* **What to do**
Your copy of the data should leave out the images and match everything else exactly.

* **Input**

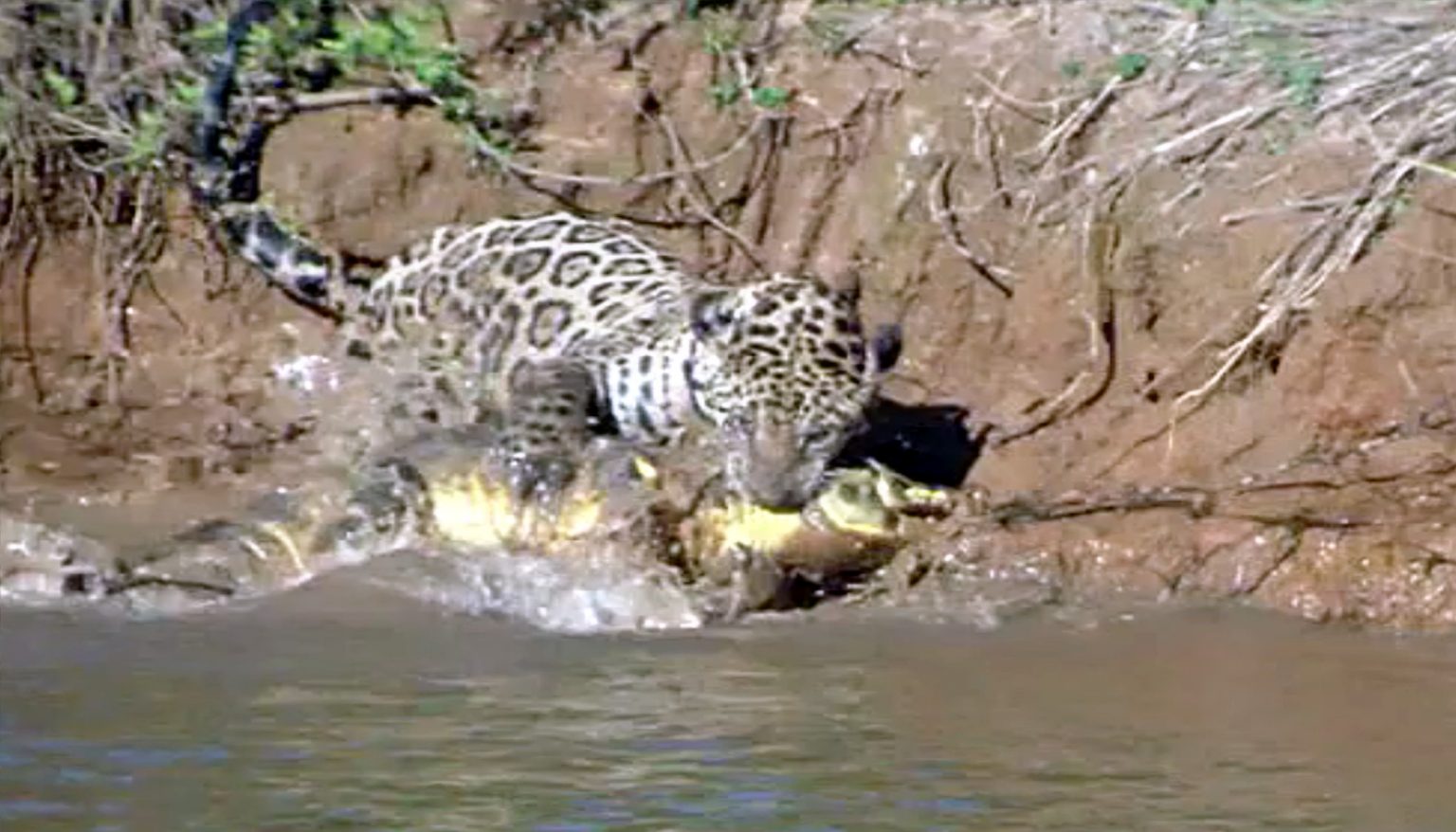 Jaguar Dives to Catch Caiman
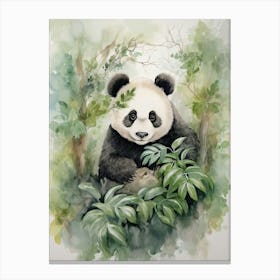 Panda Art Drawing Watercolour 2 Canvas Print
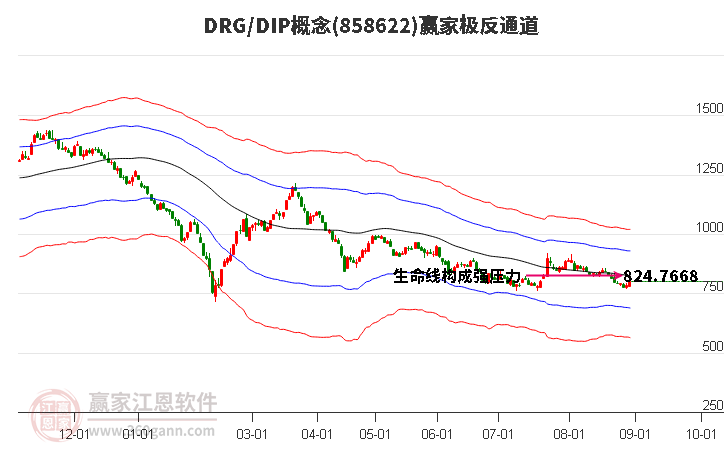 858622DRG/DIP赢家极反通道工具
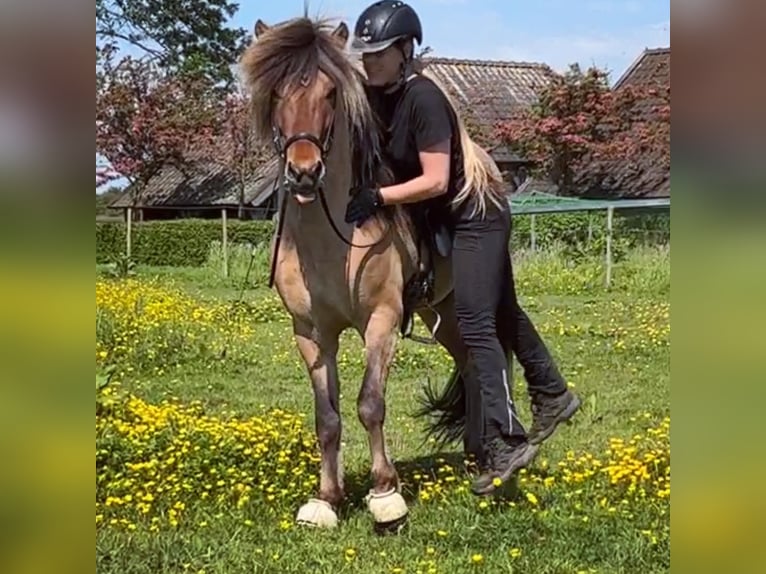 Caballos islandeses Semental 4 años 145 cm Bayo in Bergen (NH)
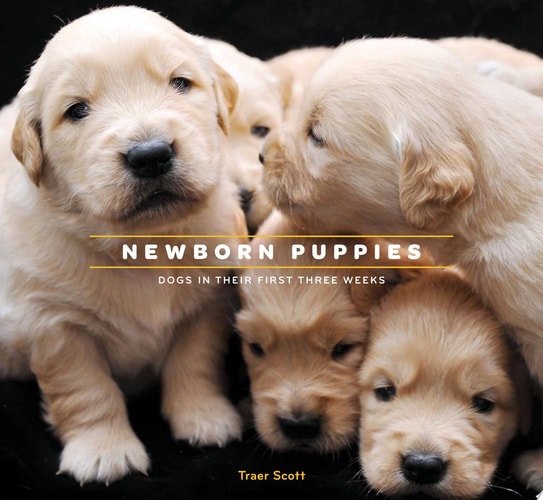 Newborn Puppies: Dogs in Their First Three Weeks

* **Solution**
 Jaguar Dives to Catch Caiman
 Panda Art Drawing Watercolour 2 Canvas Print
 858622DRG/DIP赢家极反通道工具
 Caballos islandeses Semental 4 años 145 cm Bayo in Bergen (NH)
 Newborn Puppies: Dogs in Their First Three Weeks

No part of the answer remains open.